It is with sadness that I report that my friend Scott Hand has died. You might have known Scott as the brewmaster around the bar at Monnik Beer Co., surveying his works. If you were lucky, you knew Scott as a friend, as someone to share pints with, but more importantly, someone to share stories with. Scott died from a sudden illness on Sept. 1. He was 52.
It was my shared love of beer and music that brought me to Scott Hand. His warmth and wit that made us fast friends. We met recording a podcast for Never Nervous, a local blog and now record label that I used to co-run. Scott brought the heat. He came out, long metal-dude mane flowing, with pints for everyone. He was patient while a couple of knuckleheads figured out how to use recording gear on the back patio of his business, when he had work to do. Once we got started talking, he delivered the goods immediately, talking about all the nerd shit that made our little hearts glow.
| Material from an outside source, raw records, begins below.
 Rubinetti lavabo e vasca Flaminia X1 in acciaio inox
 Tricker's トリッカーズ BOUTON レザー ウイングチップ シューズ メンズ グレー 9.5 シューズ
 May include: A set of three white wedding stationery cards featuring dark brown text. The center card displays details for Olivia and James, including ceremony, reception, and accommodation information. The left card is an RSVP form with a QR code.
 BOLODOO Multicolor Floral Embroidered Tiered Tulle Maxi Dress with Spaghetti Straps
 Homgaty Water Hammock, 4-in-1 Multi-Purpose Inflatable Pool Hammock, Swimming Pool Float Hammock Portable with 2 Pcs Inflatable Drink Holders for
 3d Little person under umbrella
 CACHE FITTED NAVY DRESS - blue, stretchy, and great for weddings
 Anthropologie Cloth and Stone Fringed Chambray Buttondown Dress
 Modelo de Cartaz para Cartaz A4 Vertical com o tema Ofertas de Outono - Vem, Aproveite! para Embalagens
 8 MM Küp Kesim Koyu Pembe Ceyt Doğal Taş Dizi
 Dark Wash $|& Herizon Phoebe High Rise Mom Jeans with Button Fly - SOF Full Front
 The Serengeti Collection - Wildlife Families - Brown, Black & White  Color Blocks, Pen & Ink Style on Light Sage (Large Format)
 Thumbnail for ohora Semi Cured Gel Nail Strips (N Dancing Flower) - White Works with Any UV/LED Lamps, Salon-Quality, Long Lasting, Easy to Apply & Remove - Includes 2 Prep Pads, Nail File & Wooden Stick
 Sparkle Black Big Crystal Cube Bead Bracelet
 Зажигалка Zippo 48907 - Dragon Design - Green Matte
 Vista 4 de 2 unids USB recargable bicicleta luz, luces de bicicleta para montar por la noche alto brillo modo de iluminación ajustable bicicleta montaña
Around that same time, I picked up a gig writing seasonal beer roundups for the LEO, which afforded me even more opportunities to spend time with Scott. I got paid to drink beer and write about it, a deal made sweeter by making new friends all over town. That included getting to know Scott Hand better.
Did I mention that Scott was an awesome brewer? I’m not sure that I can summarize my love of his brewing magic into words, but I can say this: He had a singular vision that was so very creative. First and foremost, Scott focused on building a good base beer. If he was making something as common as a no-frills IPA or a lager, he did it in a way that would knock your socks off every time. He was no fan of folks that faked the funk, breweries that relied on gimmicks to make their mark.
Scott put in the work, and he did it well, whether that was in one of his superlative saisons (that man had a passion) or in my personal favorite, Mole Materials. I never was able to convince Scott to age Mole Materials in a rum barrel, but I sure tried to.
Beyond just being awesome at his craft, he was kind. He had a wry sense of humor and an insatiable love of music. He was a big supporter of indie artists across so many styles and genres and had a story about whatever music that you just discovered every time. He was a great listener. My favorite memory of him was arriving to Monnik midday to commiserate a professional setback. I felt worthless and incapable, and Scott wasn’t interested in that. He introduced me to whatever his favorite was on tap in that moment. Then another and another. He laughed with me, he busted my balls (always), but he was there and it mattered.
And now he’s not, and that matters too.